:: Directions ::
Restate word for word the lines of the listing below, from its first line through the line with "Variant 6 of Lion Head Graphic Black Tee", without the pictures.

:: Data listing ::

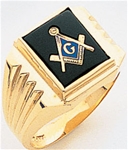 Master Mason ring with Square stone with S&C and "G"- 10K YG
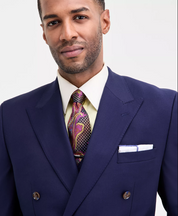 Tayion Mens Classic fit Double Breasted Suit Jacket Blazer 42 S Navy Blue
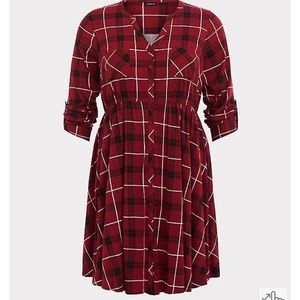 Red plaid shirt dress torrid 2X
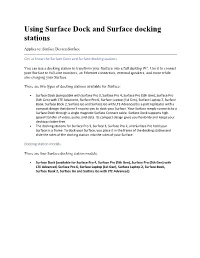 Using Surface Dock and Surface Docking Stations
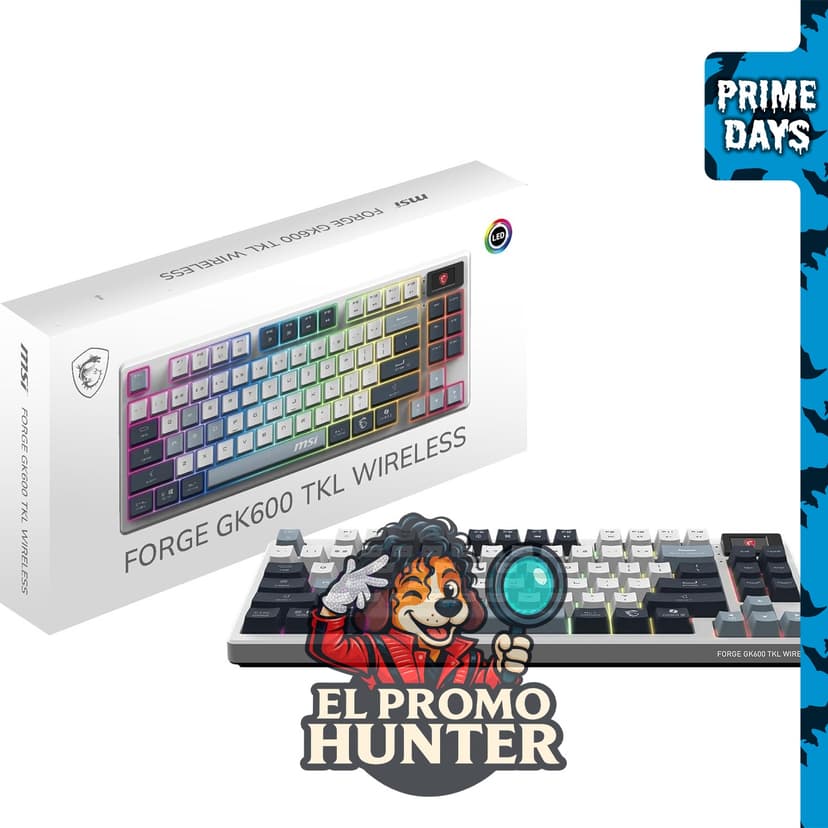 MSI Forge GK600 TKL Wireless Sky - Teclado mecánico tenkeyless con switches lineales, retroiluminación RGB y conectividad USB 2.0/Bluetooth.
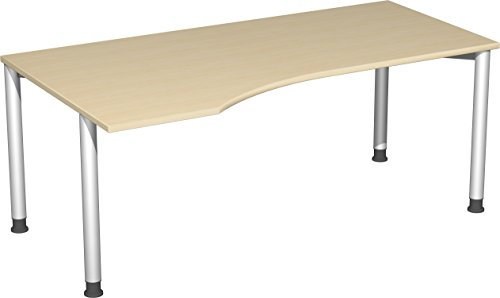 Gera Möbel 4 Fuß Flex Schreibtisch, Holzdekor, buche/Silber, 180 x 100 x 72 cm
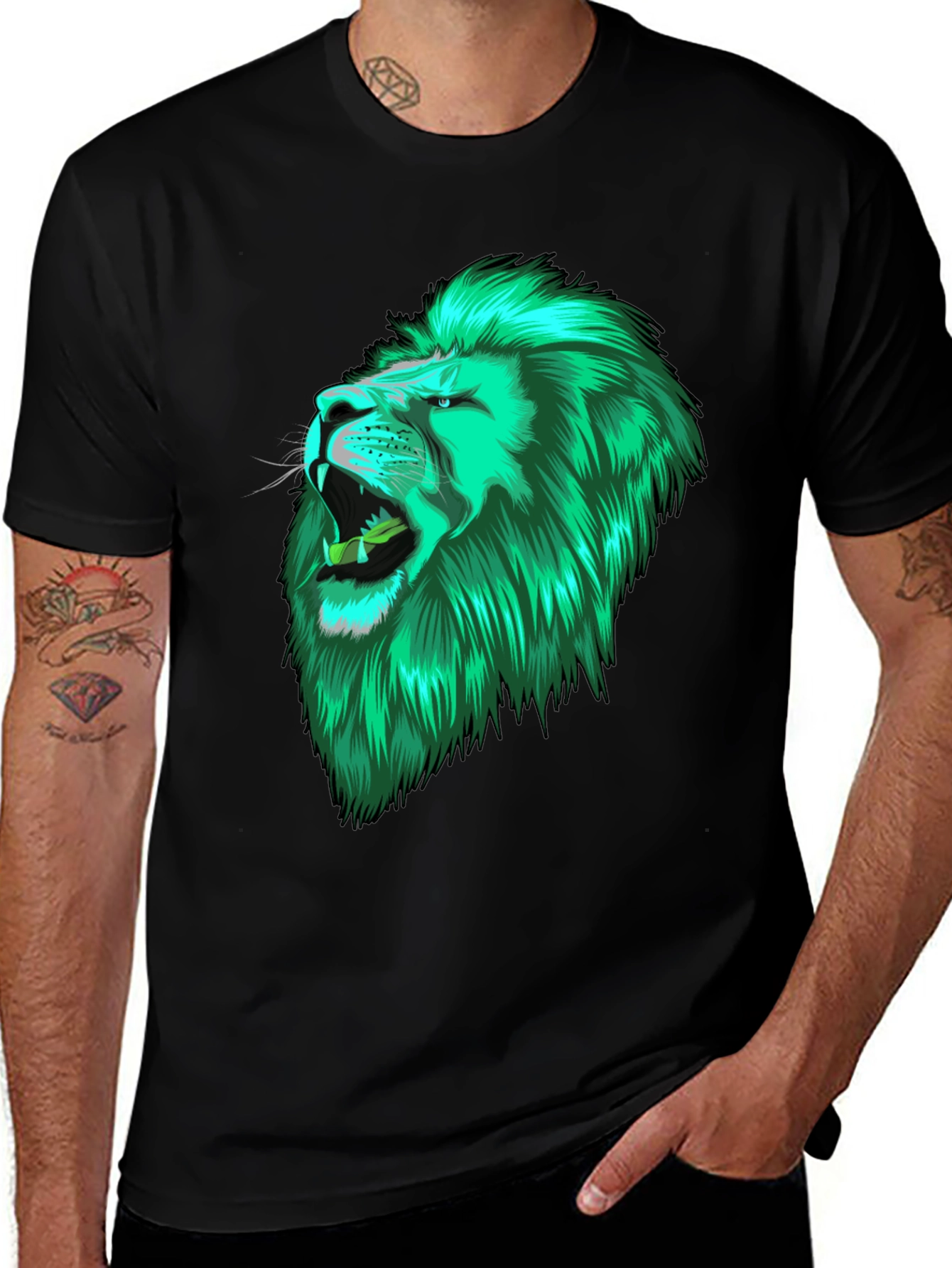 Variant 6 of Lion Head Graphic Black Tee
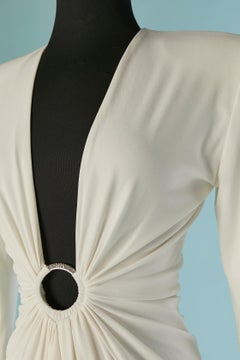 White jersey evening dress with rhinestone ring ALEXANDRE VAUTHIER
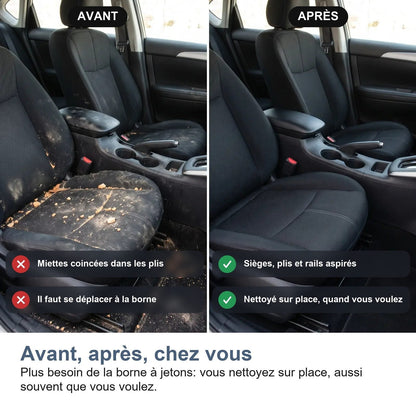Abitacolo prima e dopo il passaggio dell'aspirapolvere per auto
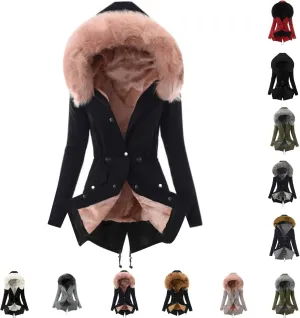 Winter Coats for Women Long Winter Down Coat Thicken Fleece Lined Parka Faux Fur Jacket Button Down Coat Outwear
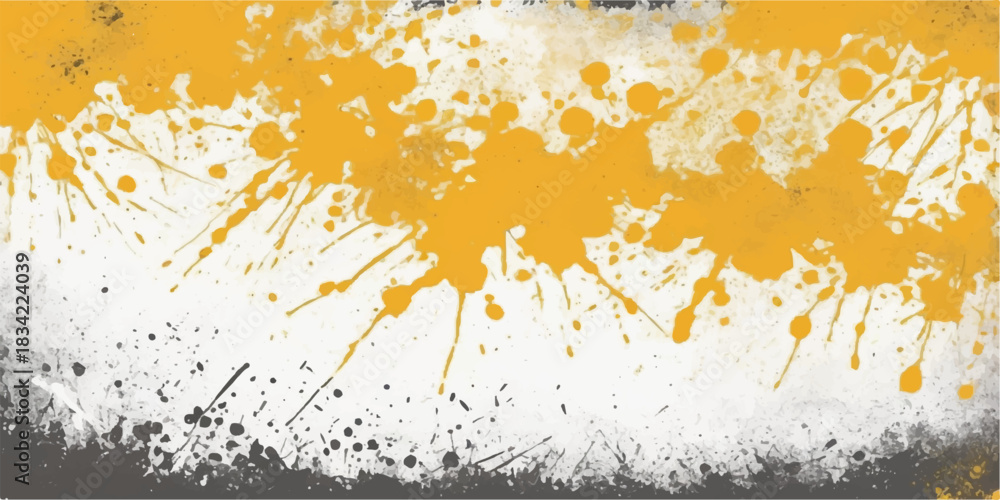 Fototapeta premium An artistic grunge vector illustration featuring a vibrant yellow and orange watercolor paint splash with ink splatters and brush texture on a dirty abstract frame backdrop design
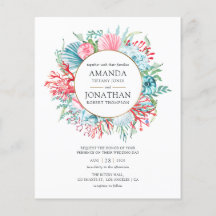 Bröllopsbjudande för Teal och Coral Summer Beach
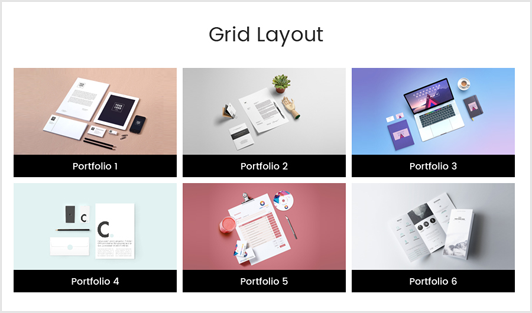 Portfolio Designer with 'Grid' Layout + Bottom Content Position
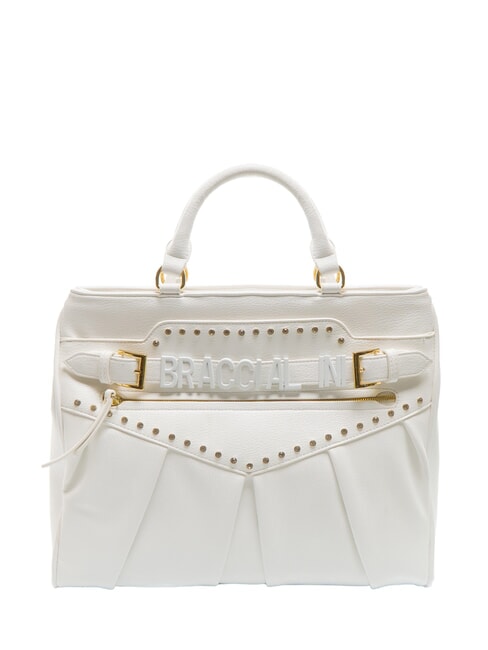 BRACCIALINI GISELLE Borsa tote con logo metallico bianco - Borse Donna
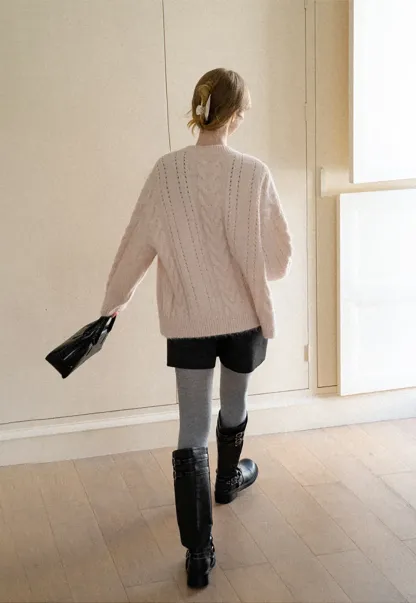 Cable Knit V Neck Button Front Cardigan Sweater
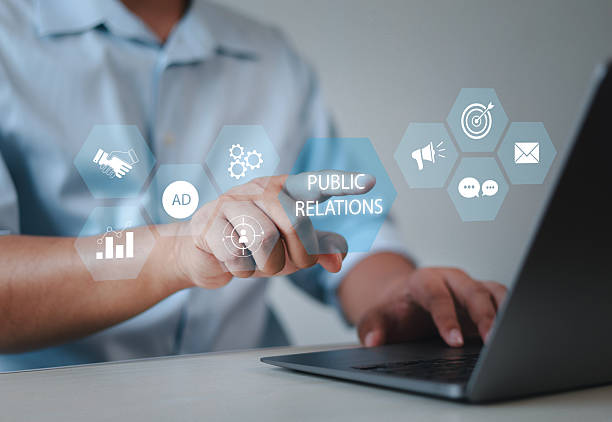 istock Businessman using laptop with public relations on virtual screen for marketing strategy, public relations concept, communication, advertising, marketing. 2208799104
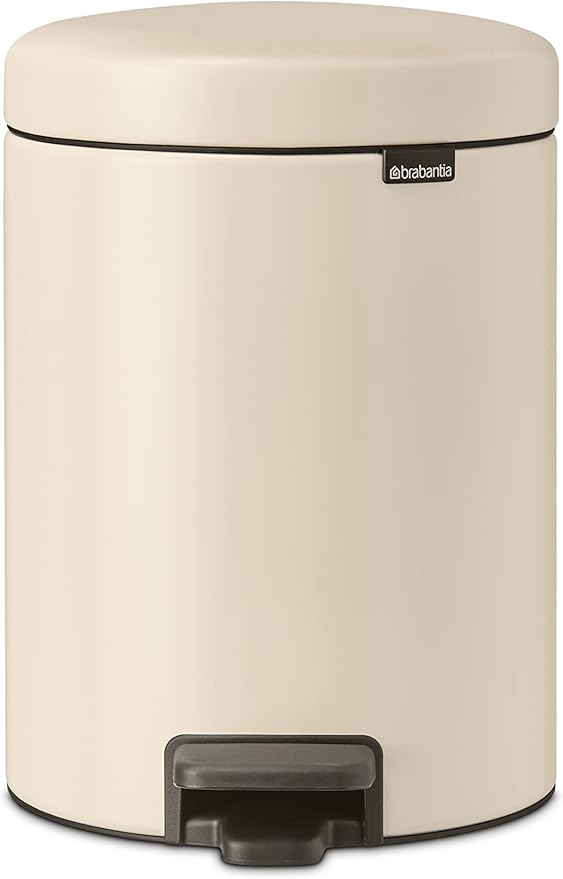 Brabantia New Icon Step Trash Can (1.3 Gal/Soft Beige) Soft Closing Kitchen Garbage/Recycling Can with Removable Bucket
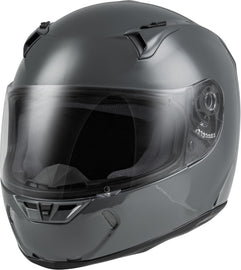 Fly Racing Revolt Solid Grey helmet with sleek design, featuring a smooth matte finish and aerodynamic shape suitable for motocross riding.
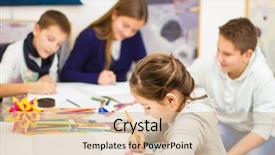  Presentation with elementary school - PPT theme with coloring book - group of elementary school pupils background and a lemonade colored foreground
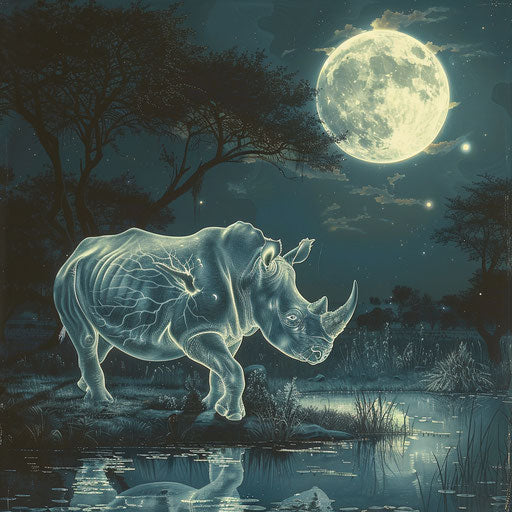 A ghostly rhino roaming a haunted savannah, under a full moon.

:: Task answer ::
 Master Mason ring with Square stone with S&C and "G"- 10K YG
 Tayion Mens Classic fit Double Breasted Suit Jacket Blazer 42 S Navy Blue
 Red plaid shirt dress torrid 2X
 Using Surface Dock and Surface Docking Stations
 MSI Forge GK600 TKL Wireless Sky - Teclado mecánico tenkeyless con switches lineales, retroiluminación RGB y conectividad USB 2.0/Bluetooth.
 Gera Möbel 4 Fuß Flex Schreibtisch, Holzdekor, buche/Silber, 180 x 100 x 72 cm
 Variant 6 of Lion Head Graphic Black Tee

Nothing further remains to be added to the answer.